▶ **TASK DESCRIPTION**
In the records that follow, the lines from the one containing "EASYmaxx Akku-Handstaubsauger &" to the one containing "Jin Ho Bass", inclusive, are to be given again exactly.

▶ **EXTRACTED ENTRIES**
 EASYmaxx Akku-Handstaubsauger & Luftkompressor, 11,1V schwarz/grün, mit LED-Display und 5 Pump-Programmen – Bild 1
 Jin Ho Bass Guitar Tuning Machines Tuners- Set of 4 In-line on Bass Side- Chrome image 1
--
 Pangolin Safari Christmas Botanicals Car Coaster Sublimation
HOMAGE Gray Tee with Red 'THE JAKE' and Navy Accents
==
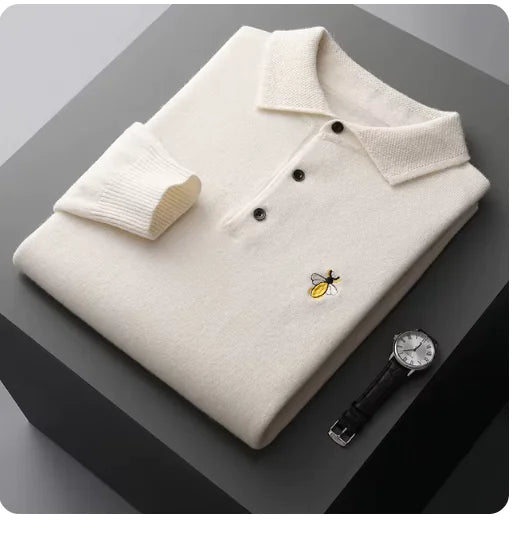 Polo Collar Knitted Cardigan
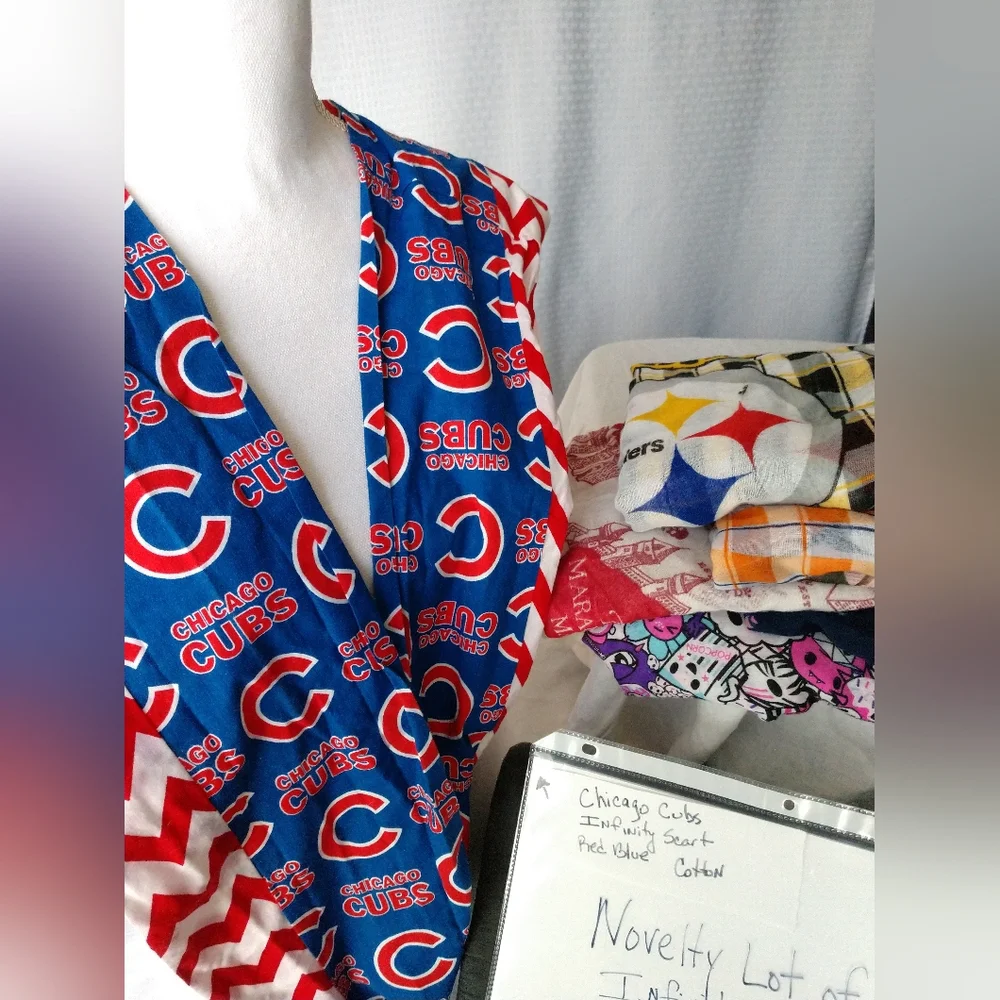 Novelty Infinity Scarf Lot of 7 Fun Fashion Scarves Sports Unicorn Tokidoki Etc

▶ **TASK SOLUTION**
 EASYmaxx Akku-Handstaubsauger & Luftkompressor, 11,1V schwarz/grün, mit LED-Display und 5 Pump-Programmen – Bild 1
 Jin Ho Bass Guitar Tuning Machines Tuners- Set of 4 In-line on Bass Side- Chrome image 1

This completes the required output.